Nothingness · Aug 28, 2024

Isn't the mention of "instructions" for the OpCache new (I think they previously said micro-ops)?

At least they make it clear that the OpCache doesn't store macro-ops contrary to Zen4 (something I had already highlighted for the launch of Zen5). OTOH I somehow doubt they really store instructions (as is in plain x86 opcodes). If that was the case it'd mean they'd have to decode and split them before entering the UOPQ. This has to be some form of micro-op.

igor_kavinski · Aug 28, 2024

PJVol said:
does Zen5c CCD still have two CCXs ?

This says that all the Zen5c cores are on a single CCX which is separate from the Zen 5 CCX: https://www.anandtech.com/show/21485/the-amd-ryzen-ai-hx-370-review/3

And the inter CCX latencies between the two dissimilar CCXs are horrendous.

CouncilorIrissa · Aug 28, 2024

igor_kavinski said:
This says that all the Zen5c cores are on a single CCX which is separate from the Zen 5 CCX: https://www.anandtech.com/show/21485/the-amd-ryzen-ai-hx-370-review/3

And the inter CCX latencies between the two dissimilar CCXs are horrendous.

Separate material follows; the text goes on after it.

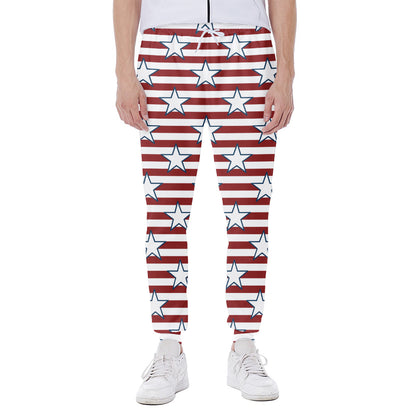 Red Striped USA Star Pattern Print Scuba Joggers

I don't think that's what he's asking. He's asking about Turin Dense CCDs.

MS_AT · Aug 28, 2024

DisEnchantment said:
Still they mentioned parallel independent instruction streams coming from different basic blocks.
Even if parallel decode cannot be done within the same basic block, assuming the average x86 code runs for 8-10 instructions in a basic block we should be seeing this pattern play out where we get on average > 4 inst/cycle from the decode over a period of time.
I hope someone will discover something.

Do you happen to know what is the size of the basic block? Is that 32B? I also recall some papers where the decode is stopped if the decode encounters a taken branch I think. So with average 1 branch per 6 instructions and 4.5 B per instruction could make the throughput lower than 8-10 instructions. [the average data I gathered with quick googling so not sure how sound they really are].

Nothingness said:
Isn't the mention of "instructions" for the OpCache new (I think they previously said micro-ops)?

At least they make it clear that the OpCache doesn't store macro-ops contrary to Zen4 (something I had already highlighted for the launch of Zen5). OTOH I somehow doubt they really store instructions (as is in plain x86 opcodes). If that was the case it'd mean they'd have to decode and split them before entering the UOPQ. This has to be some form of micro-op.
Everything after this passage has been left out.